Pazar Mart 16, 2025

SYRIZA ve DEVRİM

 

Yunanistan’da seçimleri SYRIZA’nın kazanması, ilerici kesimlerde bir moral etkisi yarattı. Özellikle reforumcular bayram etti ve SYRIZA’nın programı izlendiğinde kendilerinin de kazanacağı hayallerine kapıldılar.

Burjuva basınında, “Yunanistan’da radikal sol kazandı” denmesi, burjuvazinin burjuva reforumculuğunu dahi radikal görmesinden kaynaklanıyor. Oysa, SYRIZA “radikal sol” değil, reformist sosyal-demokrat karakterli bir partidir. Yani, sosyalist bir parti değildir. Çünkü, kapitalizme karşı olmadığı gibi, burjuvazinin mülksüzleştirilmesinden yana değildir. Burjuvazinin karının biraz azalmasından ve halkın kemerinin bir delik daha gevşetilmesinden yanadır.

Öncelikle belirtmek gerekiyor. Yunanistan işçi sınıfının daha ileri mevzileri kazanması söz konusuyken, reforumcu bir programla onun mücadelesi sınırlandı, kısıtlandı ve güdükleştirildi. Çünkü, SYRIZA’nın kendisi ve programı, kriz içinde olan Yunan kapitalizmine soluk aldırma programıdır. Yani, 1960-80’lerinin burjuva sosyal demokrat partilerinin günümüz yunan verisiyonudur denebillir. 

Emperyalist Avrupa burjuvazisinin Yunanistan’daki seçim sonuçlarına üzülmeleri normal. Onlar, kendi programlarının aksamadan yürümesini istiyorlar. Halkın kemer sıkmasını ve emperyalist sermayenin istemlerinin harfiyen yerine getirilmesini istiyorlar. SYRIZA ise bunun daha uzun bir sürece yayılmasını isteyerek karşılık veriyor.

Yunanistan’da devrimci durum yüksekti. Özellikle son beş yıllık süreç ve Yunan işçi sınıfının ve emekçilerinin mücadelesi bunu gösterdi. Onlar, Yunanistan tarihine bir devrimci tarih daha eklediler. Sayısız direniş ve genel grev yaptılar. Devasa kitle gösterileri ve sokak çatışmalarıyla emperyalist AB sermayesine karşı koydular.

Ne yazık ki komünistler, reforumculuğun önüne geçemedi ve kitleler sol görünümlü reforumculuğun peşine takıldı. Reforumcu parti kitleleri peşinden sürükledi ve seçimleri kazandı. Bu gelişme, işçi sınıfının devrimci öfkesinin reforme edilme süreci olarak da okunabilir.

Peki, kitleleri peşinden sürükleyen SYRIZA gerçekten kitlelerin istemlerine cevap olabilecek mi? İşsizliği, yoksullaşmayı ortadan kaldırabilecek mi?
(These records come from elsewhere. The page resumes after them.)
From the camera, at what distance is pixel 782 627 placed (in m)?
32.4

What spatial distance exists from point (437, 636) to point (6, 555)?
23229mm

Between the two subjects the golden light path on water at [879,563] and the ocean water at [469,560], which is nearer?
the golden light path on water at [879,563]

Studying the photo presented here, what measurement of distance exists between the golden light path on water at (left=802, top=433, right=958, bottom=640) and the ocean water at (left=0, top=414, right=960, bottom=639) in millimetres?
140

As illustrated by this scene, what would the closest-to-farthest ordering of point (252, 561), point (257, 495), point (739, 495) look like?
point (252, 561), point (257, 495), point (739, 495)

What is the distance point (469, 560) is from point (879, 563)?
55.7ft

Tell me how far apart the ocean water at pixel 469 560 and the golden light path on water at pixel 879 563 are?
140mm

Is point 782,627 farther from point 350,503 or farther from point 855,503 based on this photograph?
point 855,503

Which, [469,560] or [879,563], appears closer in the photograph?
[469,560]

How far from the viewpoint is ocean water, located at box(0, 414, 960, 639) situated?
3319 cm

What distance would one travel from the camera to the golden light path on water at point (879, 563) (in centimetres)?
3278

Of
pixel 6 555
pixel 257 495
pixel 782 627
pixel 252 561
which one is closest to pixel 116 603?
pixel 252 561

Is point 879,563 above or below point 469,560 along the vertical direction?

Bir taraftan kapitalizmin çarkları işlerken bir taraftan da işçi ve emekçilerin refah düzeyinde yükselme olabilecek mi?

SYRIZA ne Euro bölgesinde ne de AB’den çıkmak istiyor. İstediği, Troyka’nın (AB, Avrupa Merkez Bankası ve İMF) borçları belli bir süre ertelemesi ve borç ödemelerinin uzun bir sürece yaymasıdır. Çünkü, troyka’dan yüklü miktarda borç alınmış ve bu borçların ödenmesi için de yeni borçlanmalara gereksinimleri var. Yani, kapitalist dünyanın kendi içinde kalındığı sürece ve o ekonomik çarklar aynı şekilde dönmeye devam ettiği sürece, halkın durumunda iyleşmesi söz konusu olamaz. Yunan burjuvazisi belki rahatlıyacaktır. Ama, işsiz yığınların iş bulması, yoksullaşmanın durdurulup halkın alım gücünün yükseltilmesi, kapitalist sistem içinde sürekliliği olası değildir.
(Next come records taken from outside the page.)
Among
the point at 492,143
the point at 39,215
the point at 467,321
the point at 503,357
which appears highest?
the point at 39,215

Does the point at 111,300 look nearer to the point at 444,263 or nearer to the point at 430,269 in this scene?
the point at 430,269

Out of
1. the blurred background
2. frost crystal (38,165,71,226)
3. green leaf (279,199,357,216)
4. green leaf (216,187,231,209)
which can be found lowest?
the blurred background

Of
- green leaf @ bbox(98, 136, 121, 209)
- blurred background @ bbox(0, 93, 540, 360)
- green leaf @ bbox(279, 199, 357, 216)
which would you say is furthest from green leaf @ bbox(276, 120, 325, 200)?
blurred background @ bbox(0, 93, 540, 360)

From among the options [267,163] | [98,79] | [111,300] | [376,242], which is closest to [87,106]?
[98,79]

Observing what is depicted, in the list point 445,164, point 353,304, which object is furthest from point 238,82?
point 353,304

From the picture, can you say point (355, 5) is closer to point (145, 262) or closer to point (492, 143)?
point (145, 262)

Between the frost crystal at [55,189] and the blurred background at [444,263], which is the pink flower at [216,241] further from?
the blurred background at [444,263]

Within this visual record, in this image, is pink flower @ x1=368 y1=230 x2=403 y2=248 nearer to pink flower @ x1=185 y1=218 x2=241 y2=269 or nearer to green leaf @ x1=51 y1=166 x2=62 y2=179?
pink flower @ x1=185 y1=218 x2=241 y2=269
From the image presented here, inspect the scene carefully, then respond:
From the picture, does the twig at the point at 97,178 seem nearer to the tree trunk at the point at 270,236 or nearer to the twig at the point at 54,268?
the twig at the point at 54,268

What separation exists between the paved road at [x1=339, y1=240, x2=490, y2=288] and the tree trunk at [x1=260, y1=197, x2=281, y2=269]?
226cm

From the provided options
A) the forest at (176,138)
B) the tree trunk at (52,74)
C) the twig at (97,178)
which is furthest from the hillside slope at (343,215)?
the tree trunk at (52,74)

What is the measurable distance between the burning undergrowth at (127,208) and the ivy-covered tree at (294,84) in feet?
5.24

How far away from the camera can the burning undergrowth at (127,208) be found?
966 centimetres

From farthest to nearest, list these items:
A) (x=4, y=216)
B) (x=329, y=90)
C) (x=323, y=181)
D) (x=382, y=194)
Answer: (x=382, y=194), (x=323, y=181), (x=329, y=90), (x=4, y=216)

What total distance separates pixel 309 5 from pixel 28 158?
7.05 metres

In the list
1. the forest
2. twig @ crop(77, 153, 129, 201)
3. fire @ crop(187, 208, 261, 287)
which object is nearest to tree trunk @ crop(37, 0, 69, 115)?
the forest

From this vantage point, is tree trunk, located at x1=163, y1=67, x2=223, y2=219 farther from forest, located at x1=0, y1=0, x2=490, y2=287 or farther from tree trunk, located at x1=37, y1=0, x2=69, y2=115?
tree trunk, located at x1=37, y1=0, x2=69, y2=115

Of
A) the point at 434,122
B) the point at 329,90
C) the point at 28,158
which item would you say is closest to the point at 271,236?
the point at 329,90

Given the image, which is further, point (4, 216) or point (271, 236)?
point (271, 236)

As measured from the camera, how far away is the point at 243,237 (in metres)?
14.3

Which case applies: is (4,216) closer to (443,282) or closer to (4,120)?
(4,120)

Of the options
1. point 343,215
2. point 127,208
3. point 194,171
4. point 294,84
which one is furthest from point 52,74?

Bir taraftan emepryalist burjuvaziyle ilişkiler sürdürülecek ve onlara bağımlı kalınacak, bir taraftan işsizliğin ve yoksullaşmanın biricik nedeni olan kapitalist sistem korunacak ve işletilecek, bir taraftan ise, kapitalist sistemin kitlelere verdiği acılara son verilecek? İkisi birlikte olmaz. Birincisi varsa, kitlelerin acı çekmesi de olacaktır. Bu kapitalist sistemin doğal işleyişidir.
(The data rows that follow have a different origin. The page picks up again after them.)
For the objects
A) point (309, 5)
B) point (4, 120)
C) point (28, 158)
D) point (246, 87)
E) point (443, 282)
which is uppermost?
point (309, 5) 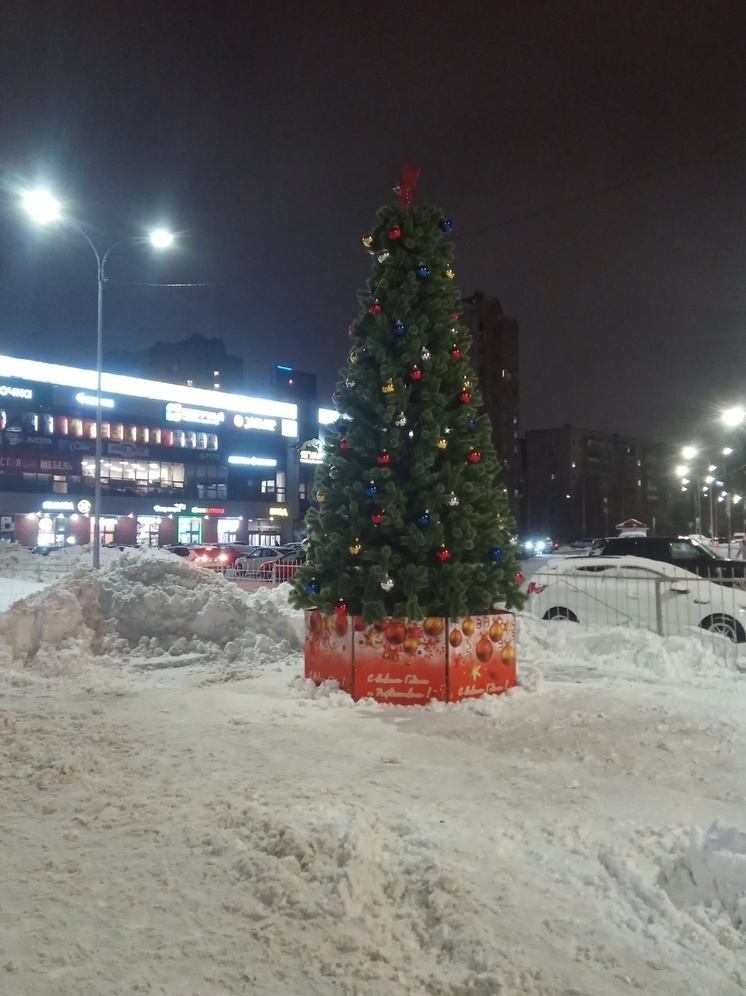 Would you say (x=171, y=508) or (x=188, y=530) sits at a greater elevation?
(x=171, y=508)

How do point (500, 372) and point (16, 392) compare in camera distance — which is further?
point (500, 372)

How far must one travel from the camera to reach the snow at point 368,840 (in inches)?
127

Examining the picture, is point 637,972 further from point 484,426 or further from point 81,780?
point 484,426

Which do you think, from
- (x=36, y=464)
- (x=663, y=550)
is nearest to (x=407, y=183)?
(x=663, y=550)

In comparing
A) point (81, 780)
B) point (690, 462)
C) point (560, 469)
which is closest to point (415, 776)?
point (81, 780)

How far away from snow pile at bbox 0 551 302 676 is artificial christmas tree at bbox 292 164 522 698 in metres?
2.44

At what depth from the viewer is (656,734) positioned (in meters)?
6.93

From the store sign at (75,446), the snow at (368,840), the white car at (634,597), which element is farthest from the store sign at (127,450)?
the snow at (368,840)

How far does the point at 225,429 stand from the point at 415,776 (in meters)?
62.1

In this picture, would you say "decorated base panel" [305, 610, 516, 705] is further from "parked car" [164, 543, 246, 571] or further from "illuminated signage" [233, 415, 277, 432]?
"illuminated signage" [233, 415, 277, 432]

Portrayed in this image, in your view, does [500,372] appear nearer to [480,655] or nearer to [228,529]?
[228,529]

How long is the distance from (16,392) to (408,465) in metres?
50.8

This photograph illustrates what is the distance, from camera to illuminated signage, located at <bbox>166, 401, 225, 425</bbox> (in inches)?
2437

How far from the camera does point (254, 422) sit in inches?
2687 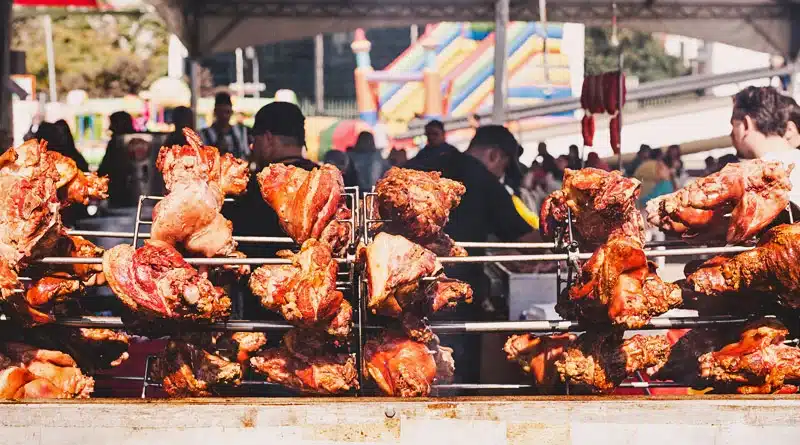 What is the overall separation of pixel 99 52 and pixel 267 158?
3640 centimetres

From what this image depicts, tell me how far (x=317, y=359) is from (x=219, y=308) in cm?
42

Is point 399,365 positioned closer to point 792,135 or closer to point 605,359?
point 605,359

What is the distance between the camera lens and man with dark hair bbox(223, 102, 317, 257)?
14.9ft

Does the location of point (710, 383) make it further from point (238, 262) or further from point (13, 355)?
point (13, 355)

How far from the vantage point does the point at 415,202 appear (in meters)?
3.66

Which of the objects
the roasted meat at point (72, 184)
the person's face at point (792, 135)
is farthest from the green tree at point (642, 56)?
the roasted meat at point (72, 184)

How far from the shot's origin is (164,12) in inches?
406

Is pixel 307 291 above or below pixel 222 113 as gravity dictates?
below

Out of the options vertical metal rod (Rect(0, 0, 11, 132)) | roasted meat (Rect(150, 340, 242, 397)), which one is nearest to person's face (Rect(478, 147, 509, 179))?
roasted meat (Rect(150, 340, 242, 397))

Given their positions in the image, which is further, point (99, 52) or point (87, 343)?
point (99, 52)

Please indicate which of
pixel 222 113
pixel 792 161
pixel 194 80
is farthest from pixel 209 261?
pixel 194 80

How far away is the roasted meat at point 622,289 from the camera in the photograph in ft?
10.7

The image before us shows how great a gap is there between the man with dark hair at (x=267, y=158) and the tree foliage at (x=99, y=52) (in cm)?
3445

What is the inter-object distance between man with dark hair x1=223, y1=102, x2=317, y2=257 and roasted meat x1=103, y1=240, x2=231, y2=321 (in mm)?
1102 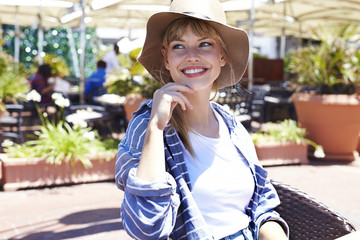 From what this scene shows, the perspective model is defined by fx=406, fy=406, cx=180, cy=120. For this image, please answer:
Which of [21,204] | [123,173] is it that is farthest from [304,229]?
[21,204]

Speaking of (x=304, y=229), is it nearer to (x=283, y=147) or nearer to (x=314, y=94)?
(x=283, y=147)

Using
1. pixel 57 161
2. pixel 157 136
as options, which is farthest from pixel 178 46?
pixel 57 161

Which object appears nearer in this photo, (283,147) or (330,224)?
(330,224)

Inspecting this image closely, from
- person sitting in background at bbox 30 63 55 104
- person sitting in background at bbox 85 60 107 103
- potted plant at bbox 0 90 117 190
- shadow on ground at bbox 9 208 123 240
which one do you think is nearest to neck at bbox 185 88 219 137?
shadow on ground at bbox 9 208 123 240

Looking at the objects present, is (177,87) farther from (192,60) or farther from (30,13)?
(30,13)

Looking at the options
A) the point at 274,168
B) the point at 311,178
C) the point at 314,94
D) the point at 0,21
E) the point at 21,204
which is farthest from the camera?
the point at 0,21

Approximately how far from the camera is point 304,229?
1.68m

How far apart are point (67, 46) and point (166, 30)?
712 inches

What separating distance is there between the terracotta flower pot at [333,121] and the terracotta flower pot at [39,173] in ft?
10.7

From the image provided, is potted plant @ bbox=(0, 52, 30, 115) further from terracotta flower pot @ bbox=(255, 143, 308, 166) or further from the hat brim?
the hat brim

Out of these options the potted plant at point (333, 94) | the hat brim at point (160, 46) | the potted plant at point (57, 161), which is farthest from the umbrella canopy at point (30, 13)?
the hat brim at point (160, 46)

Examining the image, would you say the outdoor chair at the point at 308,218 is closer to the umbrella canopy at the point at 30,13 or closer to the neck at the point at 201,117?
the neck at the point at 201,117

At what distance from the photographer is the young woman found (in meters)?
1.32

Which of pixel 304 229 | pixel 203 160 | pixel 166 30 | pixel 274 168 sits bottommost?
pixel 274 168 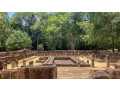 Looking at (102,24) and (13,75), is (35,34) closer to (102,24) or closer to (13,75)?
(102,24)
Bazı küçük reformlarla, burjuva sisteminin iyileştirilmesinin olasılığı da söz konusu değildir. Çünkü, koşullar 1970’ler öncesi gibi olmadığının yanı sıra Batı burjuvazisinin karşısında kendine sosyalist diyen bir SSCB’de yoktur. Ve günümüzde burjuvazi daha da saldırganlaşmış ve neoliberal politikaları en vahşi bir şekilde uygulamaya sokmuşlardır. Her geçen gün anti-demokratik yasaları yürürlüğe sokan AB ülkelerinden Yunanlı reformistlere teolerans beklenmemelidir. Ama, “sol refroumculuk” adı altında kitlelerin oyalanması söz konusu olursa, buna AB burjuvazisi göz yumabilir.

Kapitalist toplum tarihi, bize, kapitalizmin reforme edilmesiyle ve kitlelerin ağzına bir parmak bal çalmayla, işçi sınıfının sorunlarının çözülmediğini, kapitalizmin krizinin önüne geçilemediğini göstermiştir. Kapitalizmi reforme etmenin, kapitalist sistemi düzeltmeye yetmediğini, tersine, kapitalist sistem var oldukça sömürü çarkının işlediğini; çünkü sermayenin daha fazla büyümek için daha fazla artık değer elde etmek istediğini bununda işçi ve emekçilerin daha fazla sömürülmesi anlamına geldiğini biliyoruz. Bu kapitalizmin kuralıdır.

Kapitalist sistem içinde reforumculuğun kazanması, sosyalizmin kazanması anlamına gelmez. Tersine, sosyalizme giden yolun önü reformcu siyasetlerle geciktirilerek, kitlelerin sosyalist istemleri küllendirilir. İşçi sınıfının burjuvazi karşısındaki gelişen mücadelesi, reforumcu taleplerle ötelenir ve pasifize edilir.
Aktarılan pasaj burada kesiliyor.